Not enough of it, according to a recent Forrester report, “The CIO Mandate: Engaging Customers with Business Technology,” published on 18 March 2015, which surveyed thousands of global business and technology decision-makers from companies with 100 or more employees in Australia, Brazil, Canada, China, France, Germany, India, New Zealand, the United Kingdom, and United States.
To become more strategic to their businesses, CIOs need to extend their focus from improving operations and enhancing the experience of their internal users (where roughly 22 percent of that budget goes now), to proposing and implementing technology that enhances the experience of their customers, according to Forrester’s report.
We’re seeing similar trends ourselves in Australia and New Zealand. Once charged with simply “keeping the lights on,” CIOs here are being asked to play a far more strategic role in business direction and growth – delivering innovative solutions like modern ERP software that ensure measurable returns in business value and competitive advantage from IT investments.
Yet, right now, according to the report, IT devotes too much time and attention to back-office systems, lacks strong relationships with executives in customer-facing roles, and doesn’t have the skills to deploy so-called business technology – systems and processes that win, serve and retain customers.
Meanwhile, the customer experience, which Forrester calls the “new engine of business value,” takes a back seat. CIOs need to think and act like product managers – constantly considering what customers want, how to get it to them, and how to capture information that continues to enhance their experience in return. CIOs that fail to adopt this point of view risk slipping into irrelevancy in the eyes of the business (some 40 percent of business decision-makers surveyed still viewed IT as an impediment to accelerating business success), according to the report.
“Technology-fueled, customer-led disruption will continue to arrive unexpectedly on your doorstep,” Peter Burris, the report’s author, writes. “From [the customer’s] point of view, your business is technology and technology is your business -- so either CIOs deliver, or someone else will.”
One of those disruptions, the Cloud, is freeing up CIOs from having to maintain data centers with their hardware refresh lifecycles, patches and application upgrades. Indeed, Frost & Sullivan, in a survey of 1,500 senior executives, identified four drivers of change in APAC and cites cloud computing as a means of adapting. Guzman y Gomez, is one example in Australia. Cloud ERP has enabled the chain of Mexican restaurants to expand internationally.
A Shift Required in IT Mindset
Unlike the systems for its internal users, technology for customers must be built from the outside, in. This shift requires CIOs to lead teams that are comfortable with agile software development over waterfall approaches, so that technology can be responsive to changes in both customer sentiment and to different phases of the customer’s journey with the brand. A strong-set of APIs and integration of customer intelligence will be particularly important in this regard. In turn, IT teams need to focus on business outcomes, and not service-level agreements, as key indicators of technology ROI.

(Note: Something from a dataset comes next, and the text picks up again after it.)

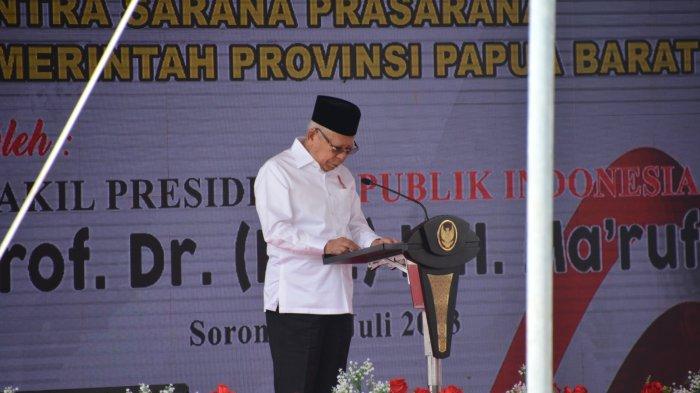 Wapres Maruf Amin memberikan sambutan.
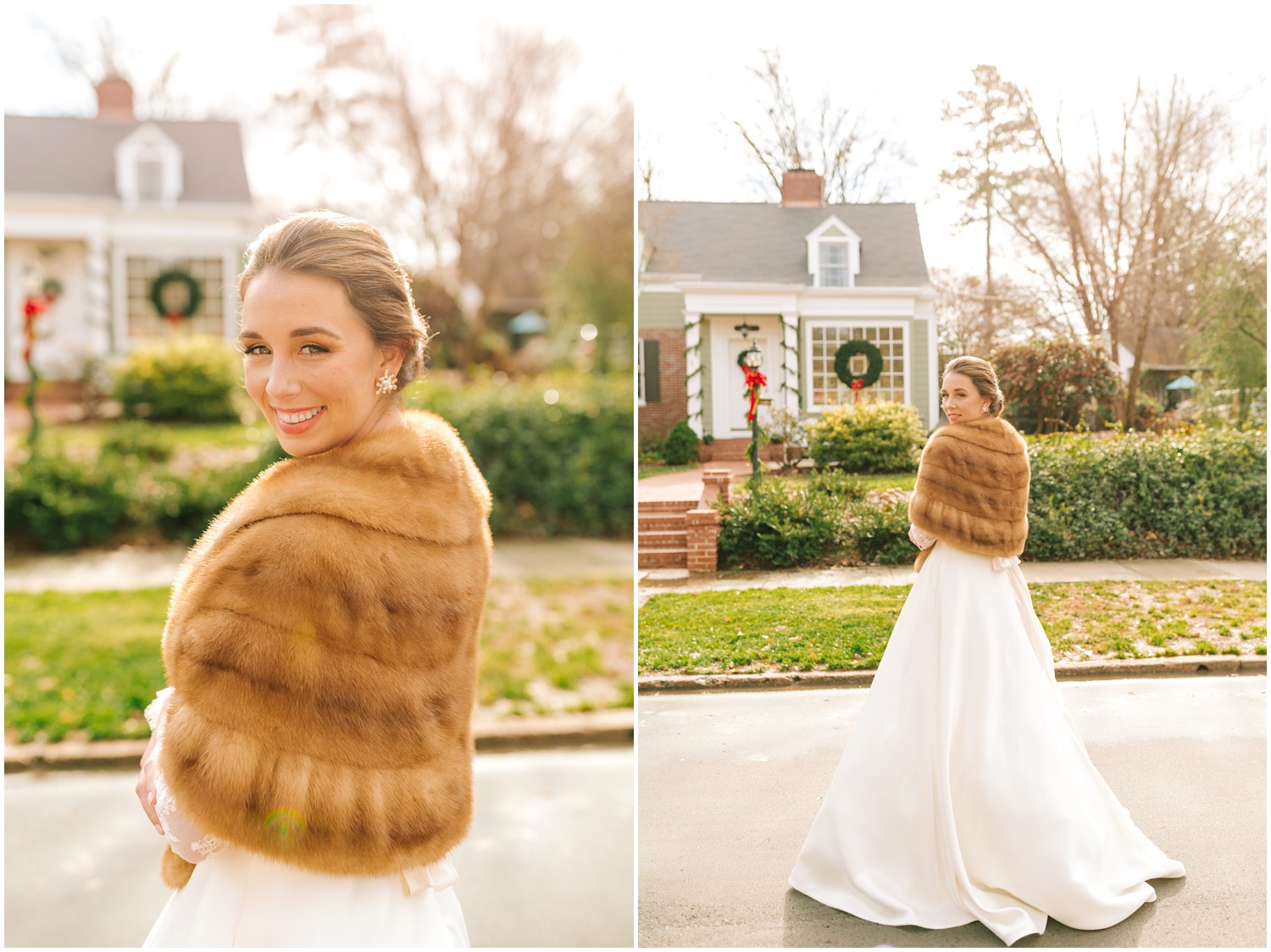 winter bridal portraits of bride to be outside childhood home by Chelsea Renay Photography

It won’t be easy. This new user is significantly harder to please than the old one. Employees could be (more or less) coerced into using technology that IT implemented; customers can’t be. CIOs must work with customer-facing executives to not only build technology customers can’t resist, but to market, sell and service it.
What Technology Journeys Lead in Importance?
The good news? Improving customer experience tops the priorities of business budget decision-makers, even ahead of growing revenue and reducing costs, according to Forrester. And they’re looking to software to do it -- mobile, analytics and vertical SaaS solutions in particular. More robust ecommerce systems, mobile technology with rich integrations into data in the back-end systems for those in sales and customer-facing roles, and technology embedded into the products the company sells (that transfers back information on service issues, performance and more) are all key focus areas for enhancing customer engagement.
These “systems of engagement” provide unique customer experiences and are easy for customers to adopt, all while integrating complex information from systems of record. CIOs who develop models where data is consistent, but experiences differ across the spectrum of the customer journey will win. They’ll create experiences that engage the customer with the brand, while enabling the business to learn more from the customer and in turn build more brand loyalty.
In all of this, the CIO finds him or herself on the cusp of an era of crucial relevance to the business. For those who evolve their attitudes to meet and exceed the demands of their new customers, their importance to the business will only continue to grow.